Last Monday morning, I went looking for a cuckoo.
The one I was searching for was the yellow-billed variety, a robin-sized bird with a white breast and long striped tail. They have thick curved beaks whose bottom halves are the exact color of a lemon. Cuckoos shouldn’t be tough birds to spot, but they are. Notoriously, emphatically so. They’re unreasonably good at staying out of sight. My friend Mike gave me a solid piece of birding advice a few years ago: Never chase a cuckoo. By the time you get to where the bird had supposedly been, he told me, they’d always be gone. Disappeared like the feathered ghosts that they are.
I happened upon a cuckoo this April while I was trying to follow a sherbet-colorer tanager high up in the crown of a paulownia tree. Last year I spotted two in Prospect Park while I was trying (unsuccessfully) to find a tiny vagrant warbler. When I saw my first cuckoo in 2021, after a good many failed chases, I was hurrying to pick up my son from summer camp. I didn’t have my binoculars, but it didn’t matter; the bird was sitting on a low branch directly over the path, no more than ten feet away. All of these experiences have taught me that the most reliable way to find a cuckoo is to not be looking for one. Instead, you extend an invitation for a cuckoo to appear, by going out and being in a place with trees.
I realized while I was walking last week that I could look back on my portfolio of work — as an artist, a writer, a teacher, a coder — as a long series of invitations. The first visualizations I made were brash, unruly things, that trampled over all of data’s rules. They made a fair number of people angry, but others saw possibility through those broken-down gates. Ten months later I was working in the New York Times R & D department, following new paths and tasked with toppling more fences.
After the NYTimes I started the Office For Creative Research. Our core practice as a studio was to find new possibility spaces; and then to get our hands dirty and try to grow things there. An outsized (and ultimately oversized) portion of our projects were self-funded, work the was meant to show what could be made at the nexus of data, art & communities. We put data sculptures in the middle of Times Square, converted high school gymnasiums into community mapping centers, turned theater performances into data representations, all to say: look, this is possible. When the OCR closed, I wrote Living in Data as a call to others who might feel the same conviction as I do that there are better futures to be found with tech and data.

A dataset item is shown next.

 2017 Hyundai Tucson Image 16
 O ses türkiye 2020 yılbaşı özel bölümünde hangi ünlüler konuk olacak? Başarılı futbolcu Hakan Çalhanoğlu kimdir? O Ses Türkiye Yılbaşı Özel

I was thinking about all of this, on the way to the cuckoo, for a reason. At the end of last month I stepped away from a project I’ve been working on for a decade, and I find myself with more space and more intent than I’ve had in many years. Space and intent to find some new work to do and some new people to do it with.
It is a time, I think, for invitation.
These days I find myself most interested in the counterweights that we might set against the extractive forces of big tech. How we might defend and deflect their rapacious incursions into our data, our attention, our wild spaces, and our ability to envision different futures. Counterweights and counterexamples. I’m excited about solarpunk and mutual aid, iNaturalist, research labs in libraries, and map lichens. I’m excited about feminist bird clubs and funding for infrastructure and mechanisms for data sovereignty. At the center of it all, I suppose most of all I’m interested in care, and how we can propagate it. Care for each other, care for the places we live, care for non-human things, care for better futures. If these things feel exciting to you, or to your organization, we should talk. And then we should get our hands dirty and try to grow things.
I got to the place where the cuckoo was spotted and I scanned the branches of a small grove of quaking aspens. I looked for ten solid minutes. The cuckoo was gone, because of course it was gone.
Never chase a cuckoo.
What had I been thinking? On my way back home I walked across a small patch of lawn, and out of the corner of my eye I caught a flash of movement. A bird alighted onto a low branch and I managed to get a look with my binoculars. It was a yellow-breasted chat, a bird that is even more of a phantom than a cuckoo. They’re notoriously difficult to spot, quick to disappear; to see one off the ground and in open was a gift. I held my breath.
For a moment the bird looked right at me. Then, with a flick of its wings, it vanished.